It's a difficult call, but it depends how we define 'unnecessary'. If we put ourselves and the emergency services at risk by venturing out to do something that could wait till tomorrow, or that someone else could do without the risk, then we should think very carefully. I could have said that my journey on 25 January 1990 was necessary, as _someone_ had to milk the cows... I couldn't even contact the farmer to tell him I wasn't going to turn up (the phone lines were down), but I was persuaded it really wasn't worth the risk. My colleague at another farm was killed by a falling tree that afternoon. It colours one's view of what is 'necessary'.


----------



## mjr (8 Feb 2016)

Elswick Cotterpin said:


> I think the bike can stay in the shed today, and I'm hoping the shed will stay in the garden.

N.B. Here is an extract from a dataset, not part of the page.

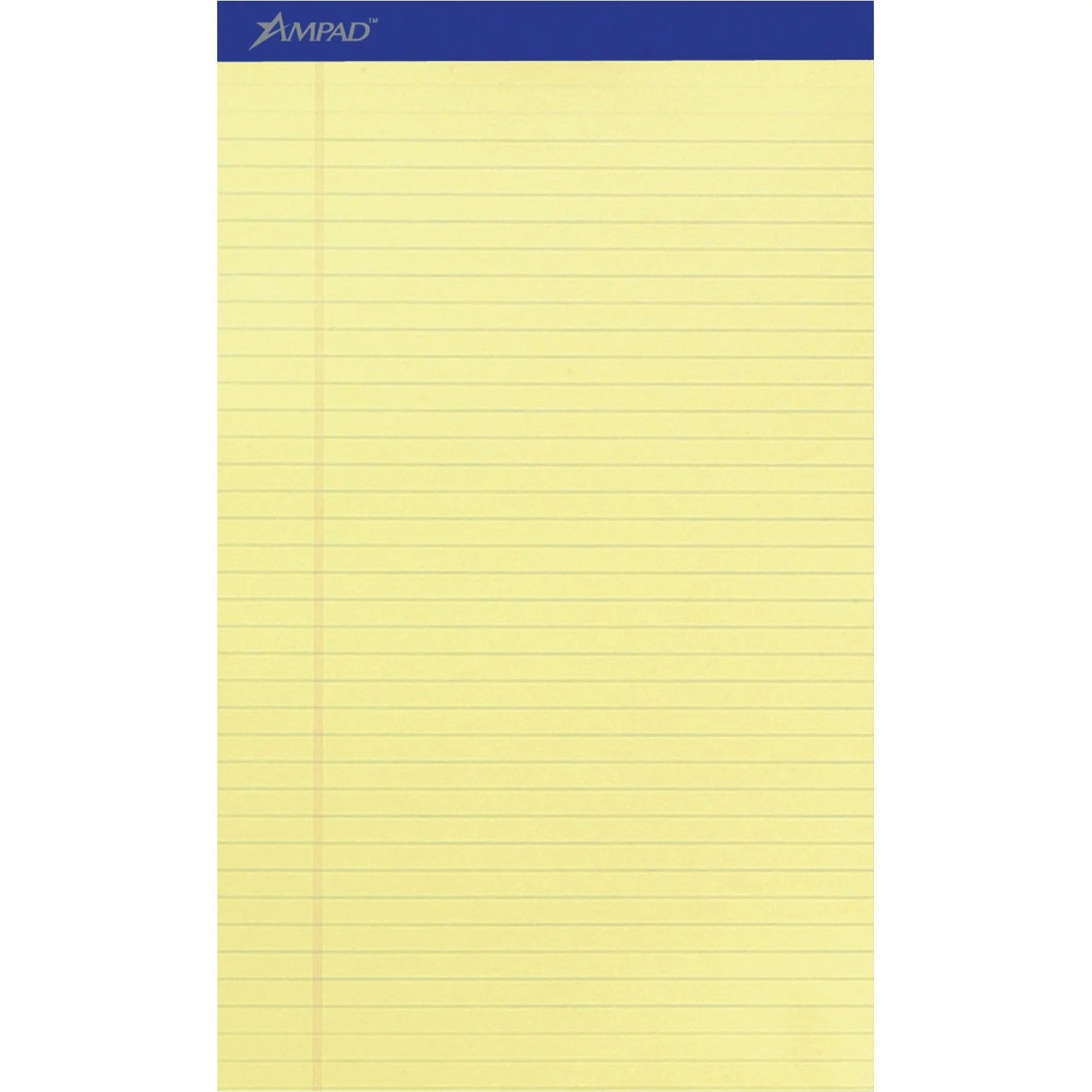 Ampad Legal Writing Pads - Canary Yellow - 50 Sheets - Perforated - 8.5’’ x 14’’ - 1 Dozen - Letter & Jr.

Another excellent reason to lock the bike to a ground anchor!


----------



## ianrauk (8 Feb 2016)

Dec66 said:


> I'm on the train to work this morning, knackered, as the wind, rain and thunder kept me up half the night.
> 
> OK, it wasn't a hurricane, but it was very, very unpleasant indeed.
> 
> ...




Me too.. Mrs Ian pleaded with me not to ride in today. The winds and noise last night was horrendous. This morning the winds have abated but looking like it's going to be a bit naughty later on.
I did see a good few cyclists walking from the station to work though.


----------



## summerdays (8 Feb 2016)

Mr Summerdays and myself are currently disagreeing with whether our journey to Wales is necessary or not.... He's more sensible than me..... Even though I suggested the train as an alternative. I now need the wind to ease off if we are to go to see the eldest to celebrate their birthday.


----------



## Cuchilo (8 Feb 2016)

briantrumpet said:


> It's started.
> 
> From the Express & Echo: "There is a large trampoline on the road on B3181 at Silver Street in Willand."


Woooohooooooo i'll see you all there


----------



## Elswick Cotterpin (8 Feb 2016)

summerdays said:


> Mr Summerdays and myself are currently disagreeing with whether our journey to Wales is necessary or not.... He's more sensible than me..... Even though I suggested the train as an alternative. I now need the wind to ease off if we are to go to see the eldest to celebrate their birthday.


The second crossing is still open as far as I know, must be a tad breezy on it just now though, better check the trains, some delays reported, thirty minutes, and the 
usual fallen trees, flooded roads to be aware of...


----------



## briantrumpet (8 Feb 2016)

It's almost exactly two years ago that we had similar weather, and I was reduced to driving to London to catch Eurostar because of flooding and a tree on the line. http://www.metoffice.gov.uk/climate/uk/interesting/2014-janwind I hope it's not as windy this Friday - I'll be on a plane to Paris instead.


----------



## fossyant (8 Feb 2016)

Seems to have missed us up here. Been wet and windy, but what's new, that's Manchester.


----------



## briantrumpet (8 Feb 2016)

This is what you've been waiting for.


----------



## summerdays (8 Feb 2016)

Elswick Cotterpin said:


> The second crossing is still open as far as I know, must be a tad breezy on it just now though, better check the trains, some delays reported, thirty minutes, and the
> usual fallen trees, flooded roads to be aware of...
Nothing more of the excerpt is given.